I am white, middle class, Anglo female, and here I stand in front of the mirror lamenting my own skin.
The weather is warming and long-sleeves and jeans are swiftly being exchanged for singlet tops and shorts. Yes, that golden, celestial orb is bestowing her warmth and those of burnished skin are reveling in the strip-down. Us of “alabaster complexion”, as my mum fondly names it – we stand in front of mirrors lamenting that the change of season means baring these ghostly limbs, these legs like fluorescent tubes.
I reach for the cream, squeeze brown onto my palm and begin to rub fakeness into my pores. This year more than years past, I’m attuned to it. The farce of it. The travesty of altering my very skin colour.
It’s hard to say what’s changed. 32 years of life and a daughter who shares my skin tone might be a good place to start.
Still, I rub it in, from the tips of my toes to the tops of my thighs, rubbing at my counterfeit skin.
There was a time when white skin was a mark of beauty, when skin so fair you could see veins snaking blue beneath – that was sought after, and women shied from the sun, covered themselves in hats, scarves and long dresses. Which shows just how fickle this world is, that the definition of beauty can be altered in a few generations.

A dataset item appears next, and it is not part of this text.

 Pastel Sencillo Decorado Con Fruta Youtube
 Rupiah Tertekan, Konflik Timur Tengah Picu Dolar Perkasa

I put the lid on the tan-in-a-bottle and wash my hands, scrub them clean, before standing at the mirror once more. As I test the tension in my gut, a feeling I cannot name, the words of 1 Peter 3:3-4 come to mind:
“Your beauty should not come from outward adornment, such as braided hair and the wearing of gold jewelry and fine clothes and fake tan. Instead, it should be that of your inner self, the unfading beauty of a gentle and quiet spirit, which is of great worth in God’s sight.” (the Italicised words are mine!)
Women have a volatile relationship with skin beauty. How do we keep up when the definition is always changing, media is airbrushing and our bodies are ageing?
When I look at my 16-month-old daughter, I see full beauty. No cowlick or freckles, no crooked toe or birthmark, no developmental delay or disability could ever touch my understanding of her beauty. When she sits on my lap, leans into me, sucking that thumb with eyes meandering for new adventure, I am heartfull.
And I know: this is how God loves me. He adores me in the same language that wraps her close even when defiance boils.
“The Lord does not look at the things man looks at. Man looks at the outward appearance, but the Lord looks at the heart.” (1 Samuel 16:7)
Isn’t that what we want for our kids too? Don’t we want them to understand that no amount of fake skin beauty can substitute true beauty – unfading, gentle and quiet of spirit. That’s the beauty we want them to seek; for themselves and in others.
So, I turn away from the mirror in my shorts and tank, limbs pale beneath this bronzed veneer. I turn away knowing the reason for my ache.
This ghost skin, sugar-dusted skin, so-white-you-could-light-a-room-with-it skin may be scorned, but this is my God skin, skin that lives, skin of love, skin of me.
To scorn my own skin is to say the same of my daughter’s, of the handiwork of my heavenly Father.
And He makes no mistakes.
There’s nothing wrong with a bit of adornment. It’s a woman’s right-of-passage to throw on a pretty dress, a necklace and some makeup – and feel terrific!
But I’m uneasy when there’s more fake than authentic, when beauty is a word we use to describe the legs, the face, the hair, the body… rather than the heart.